**Information provided**
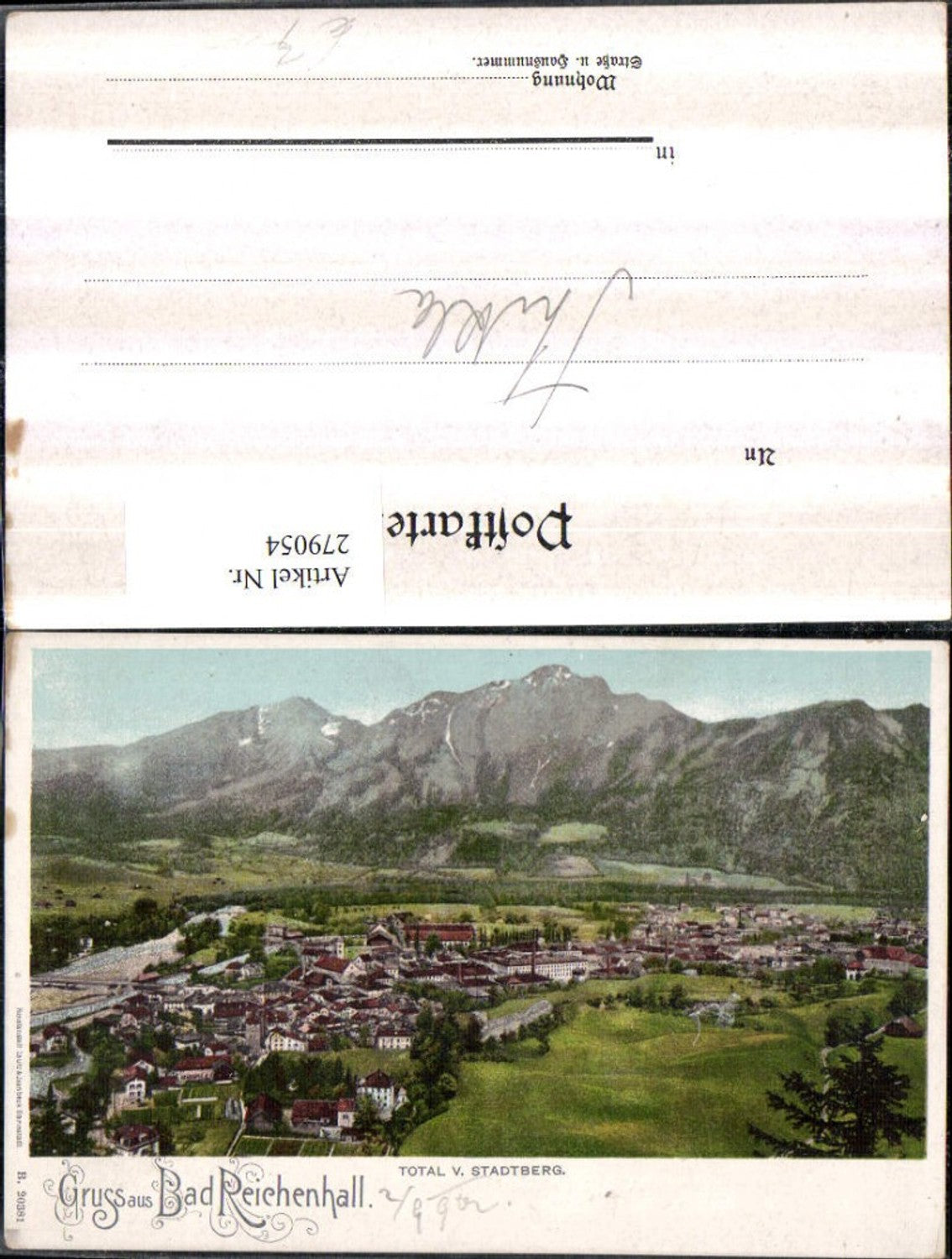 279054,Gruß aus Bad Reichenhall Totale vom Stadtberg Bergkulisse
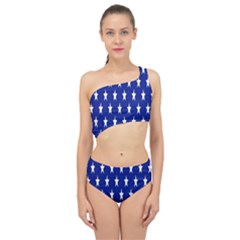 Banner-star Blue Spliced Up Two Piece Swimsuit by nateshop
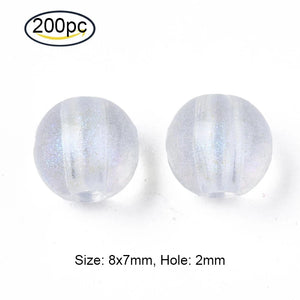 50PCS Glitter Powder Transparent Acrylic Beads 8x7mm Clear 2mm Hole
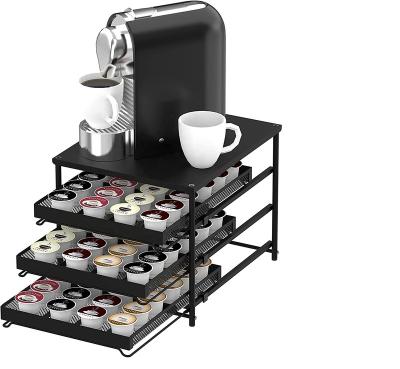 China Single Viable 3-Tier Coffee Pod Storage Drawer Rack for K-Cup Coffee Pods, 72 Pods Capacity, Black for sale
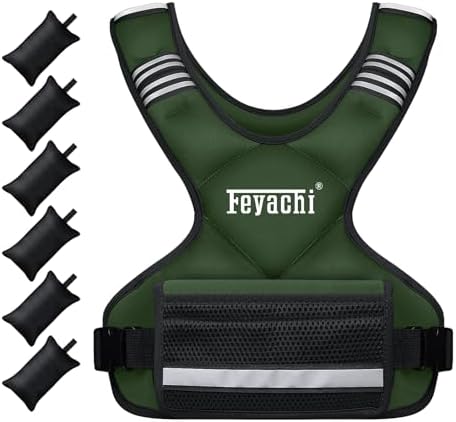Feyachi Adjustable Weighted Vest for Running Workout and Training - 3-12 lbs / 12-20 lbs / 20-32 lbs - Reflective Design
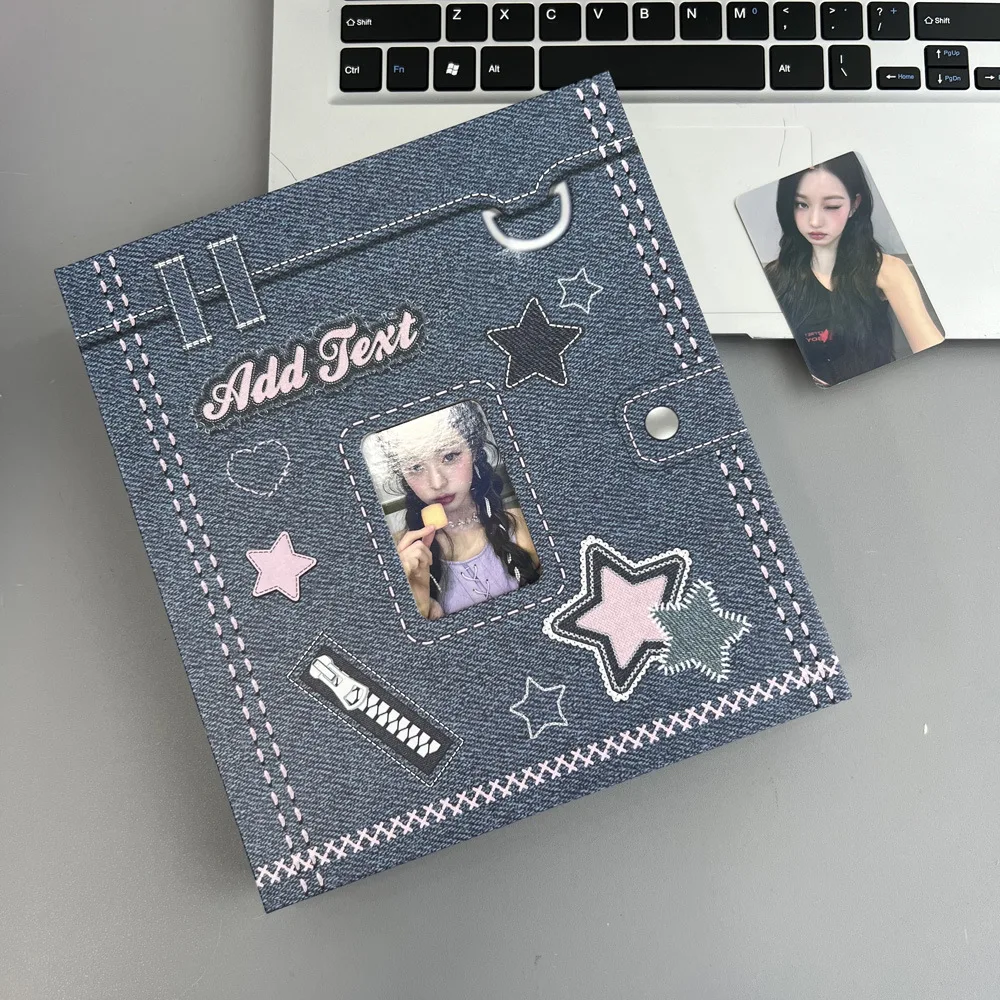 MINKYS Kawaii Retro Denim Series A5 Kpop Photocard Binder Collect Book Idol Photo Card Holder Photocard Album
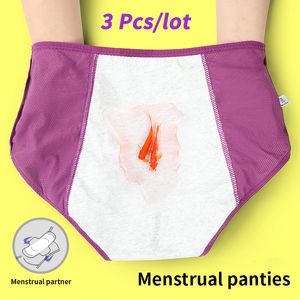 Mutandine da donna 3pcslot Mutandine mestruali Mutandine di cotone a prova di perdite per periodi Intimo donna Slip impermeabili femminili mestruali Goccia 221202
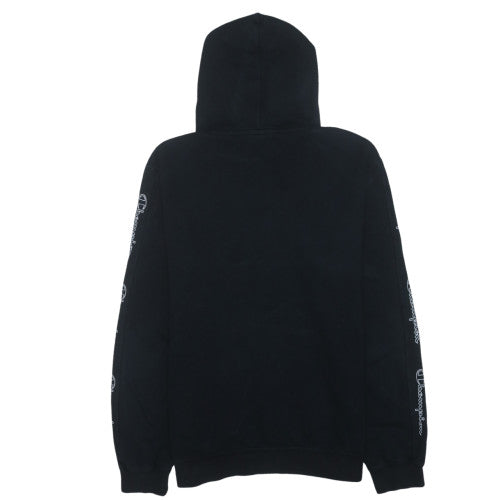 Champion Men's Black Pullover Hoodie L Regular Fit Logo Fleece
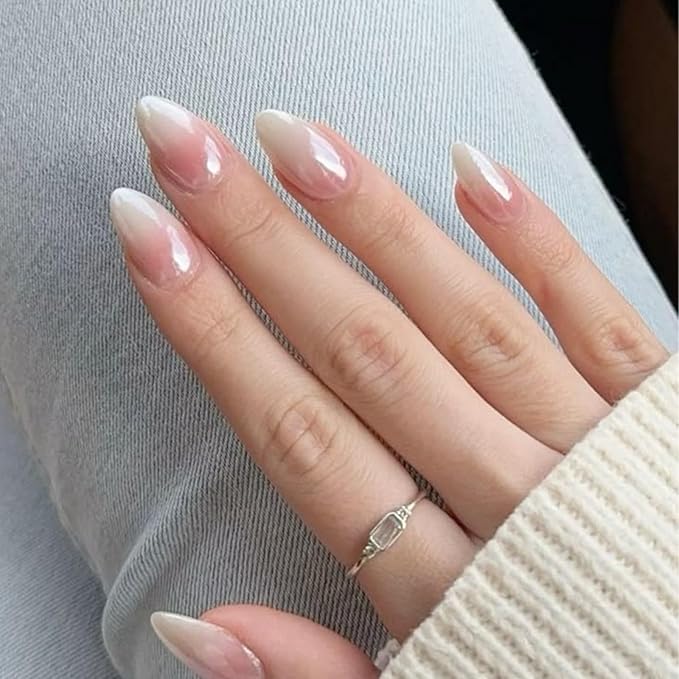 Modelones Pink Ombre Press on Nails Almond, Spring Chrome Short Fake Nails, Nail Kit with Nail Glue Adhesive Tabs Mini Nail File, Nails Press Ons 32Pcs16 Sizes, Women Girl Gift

--

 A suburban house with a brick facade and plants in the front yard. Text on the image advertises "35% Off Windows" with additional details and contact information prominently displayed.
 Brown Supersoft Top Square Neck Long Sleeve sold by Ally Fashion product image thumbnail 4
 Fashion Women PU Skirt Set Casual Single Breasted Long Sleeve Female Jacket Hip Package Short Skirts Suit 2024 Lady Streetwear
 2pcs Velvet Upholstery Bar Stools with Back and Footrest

**Your task**
What are the lines above, starting at the one with "Brown Supersoft Top" and ending at the one with "2pcs Velvet Upholstery"? Give them again exactly, and only them.

**Your solution**
 Brown Supersoft Top Square Neck Long Sleeve sold by Ally Fashion product image thumbnail 4
 Fashion Women PU Skirt Set Casual Single Breasted Long Sleeve Female Jacket Hip Package Short Skirts Suit 2024 Lady Streetwear
 2pcs Velvet Upholstery Bar Stools with Back and Footrest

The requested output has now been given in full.